Data records:
== Segment start ==

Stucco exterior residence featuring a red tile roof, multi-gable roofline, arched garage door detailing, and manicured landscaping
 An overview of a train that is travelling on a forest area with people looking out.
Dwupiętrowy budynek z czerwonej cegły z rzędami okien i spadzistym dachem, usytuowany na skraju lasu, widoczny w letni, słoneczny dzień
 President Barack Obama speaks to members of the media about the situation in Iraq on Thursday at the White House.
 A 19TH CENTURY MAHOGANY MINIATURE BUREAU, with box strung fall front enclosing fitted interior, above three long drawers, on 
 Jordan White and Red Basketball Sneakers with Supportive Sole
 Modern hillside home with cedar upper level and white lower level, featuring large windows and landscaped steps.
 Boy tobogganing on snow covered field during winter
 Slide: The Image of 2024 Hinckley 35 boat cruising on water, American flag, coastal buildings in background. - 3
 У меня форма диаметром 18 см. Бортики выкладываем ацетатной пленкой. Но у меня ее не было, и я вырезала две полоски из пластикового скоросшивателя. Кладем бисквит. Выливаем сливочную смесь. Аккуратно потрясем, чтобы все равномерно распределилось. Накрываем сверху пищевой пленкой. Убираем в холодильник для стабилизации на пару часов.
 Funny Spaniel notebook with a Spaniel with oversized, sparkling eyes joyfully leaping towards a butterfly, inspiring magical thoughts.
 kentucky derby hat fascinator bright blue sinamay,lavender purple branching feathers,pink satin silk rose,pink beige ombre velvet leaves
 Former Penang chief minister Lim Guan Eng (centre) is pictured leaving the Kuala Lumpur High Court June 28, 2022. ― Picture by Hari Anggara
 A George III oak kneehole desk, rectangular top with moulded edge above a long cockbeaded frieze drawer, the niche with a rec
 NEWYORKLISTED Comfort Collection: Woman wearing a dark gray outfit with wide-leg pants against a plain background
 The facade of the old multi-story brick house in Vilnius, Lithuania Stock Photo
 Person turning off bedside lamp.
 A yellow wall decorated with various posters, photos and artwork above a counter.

== Segment end ==

→ **Task prompt**:
Answer with one number only, the count of lines in the entries above that hold the string "featuring".

→ **Solved problem**:
2